A principled civil libertarian, staunch rights advocate, and registered Democrat, Dershowitz has always been associated with the liberal camp - and one of its most prestigious members.
Dershowitz recently penned an op-ed in which he laments how former friends and associates have distanced themselves from him and are systematically excluding him from social circles.
Why has Dershowitz received the cold shoulder? Because for the past year, he has appeared as the primary defender of President Trump on the issue of the Special Counsel of Robert Mueller.
Dershowitz has been on television interviews, he’s written articles on the subject, he even wrote a book explaining what he sees as the dangers of Special Counsels in American politics. Since being rebranded as a new member of team Trump, Dershowitz is now apparently being ostracized.

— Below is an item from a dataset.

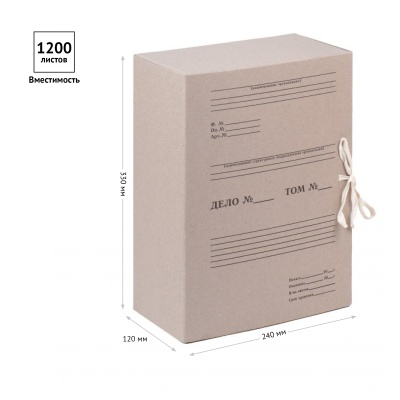 356315-356315065903_3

Admittedly the op-ed was an easy piece to make fun of, and Dershowitz's opponents jumped on it.
MSNBC’s Joe Scarborough mocked Dershowitz for complaining that he has no more friends in Martha’s Vineyard. “As my grandmother would say, Alan, when you lie down with dogs, you get up with fleas,” Scarborough concluded. Chris Hayes suggested that if Dershowitz can’t find anyone to associate with in his usual spots, “Mar-A-Lago is lovely this time of year.” Some went so far as to set up a Go Fund Me campaign to buy Dershowitz new friends.

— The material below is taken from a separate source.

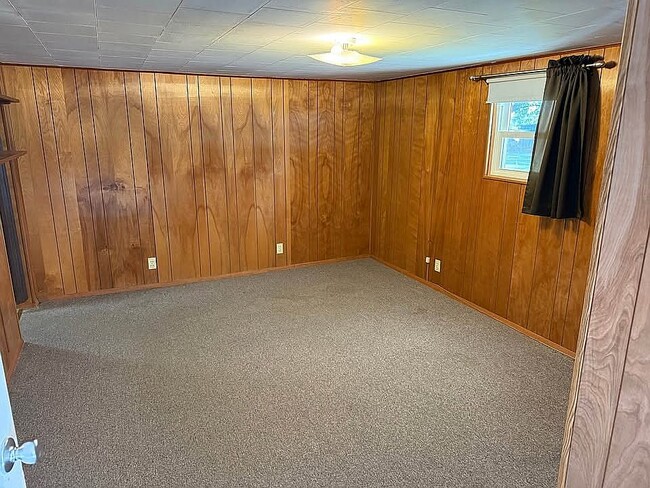 Photo - 81 Cripple Creek Rd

If the cynics could put aside the jokes for a moment and pay attention to the actual content of the article, they would see that Dershowitz's point was not to complain about his lack of invitations to dinner parties. Rather, Dershowitz's main message was to lament the trend of Americans becoming extremely intolerant of opposing political views. He mentions the rants of Maxine Waters and Sarah Huckabee Sanders being kicked out of the Red Hen restaurant as examples. The bit about Martha’s Vineyard was of course only to speak to his own experiences of politically motivated discrimination.
The most recent attack on Dershowitz is only the latest in a long trend of attacks. It highlights a disturbing trend in American politics of resorting to all-out character assassination against political opponents.

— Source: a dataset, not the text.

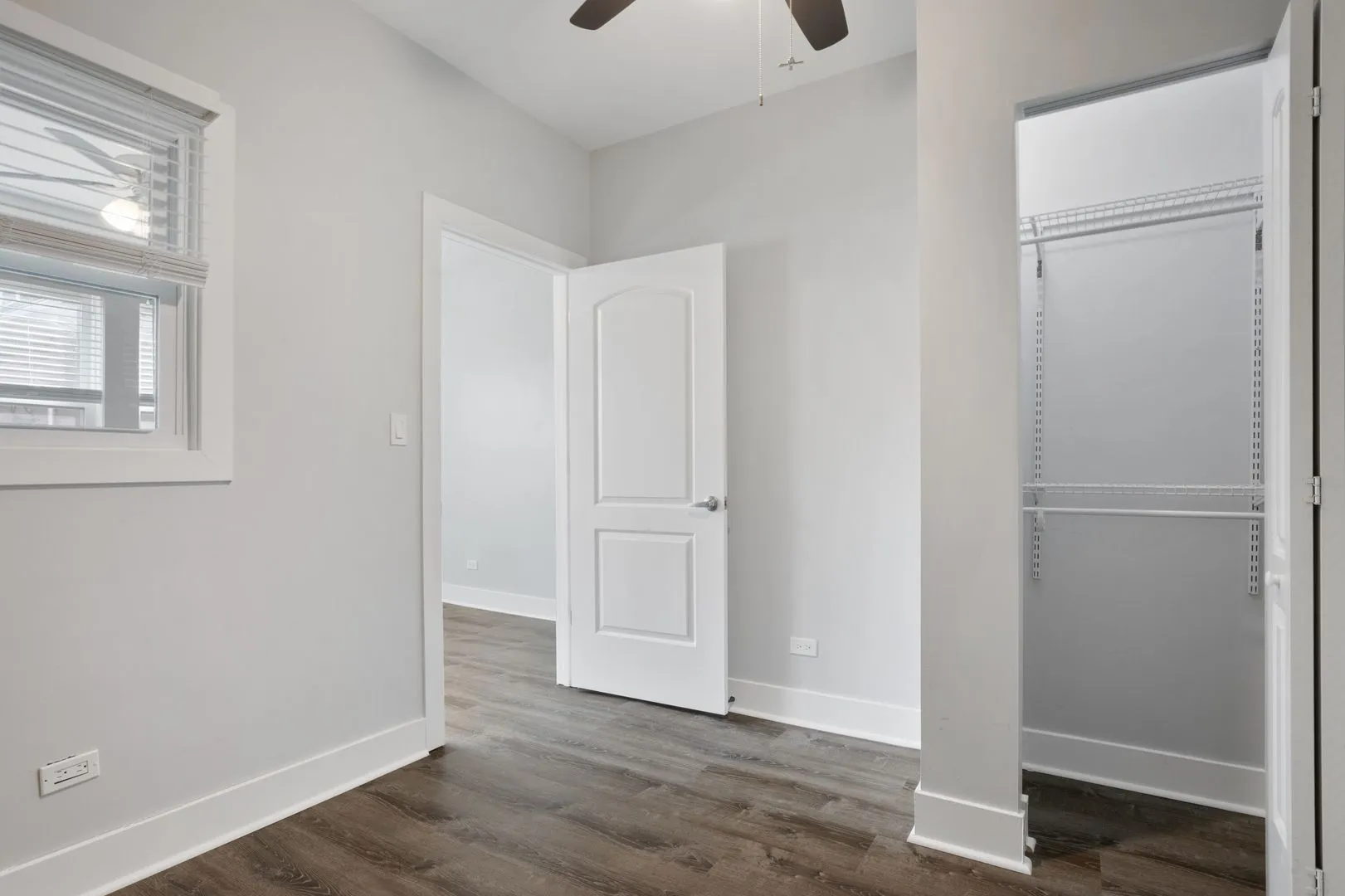 1608 W Sherwin Ave, ,  60626, USA 60626-unit#208-Chicago-IL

Interestingly, this trend - as it relates to Dershowitz at least - started with a totally separate saga, that only recently came to a close.
Back in 2014, Dinesh D’Souza, the conservative author and political commentator, was arrested and indicted on charges of campaign finance fraud. The indictment alleged that D'Souza made more than $10,000 worth of contributions under the names of other people to the Senatorial campaign of Wendy Long, who ran on the Republican ticket in the 2012 election. D’Souza was sentenced to eight months in a community confinement center, forced to pay a $30,000 fine, and put on five years of probation. Dershowitz at the time was one of the strongest voices protesting D’Souza’s prosecution. No other first offender had ever received such a high penalty. Dershowitz asserted that the whole episode smacked of a political prosecution. Due to some of the very reasons laid out by Dershowitz, Donald Trump decided to pardon D’Souza in May.
Just as when Dershowitz spoke out in support of a political opponent and ended up articulating the intellectual “justification” for Trump, so too is the case with the ongoing Special Counsel. The famed lawyer is simply speaking out on what he thinks is a weaponizing of the political system.
Alan Dershowitz is a principled person. Accept his policy positions or not (I certainly have my fair share of disagreements with him), it is disingenuous to portray him as anything but intellectually honest.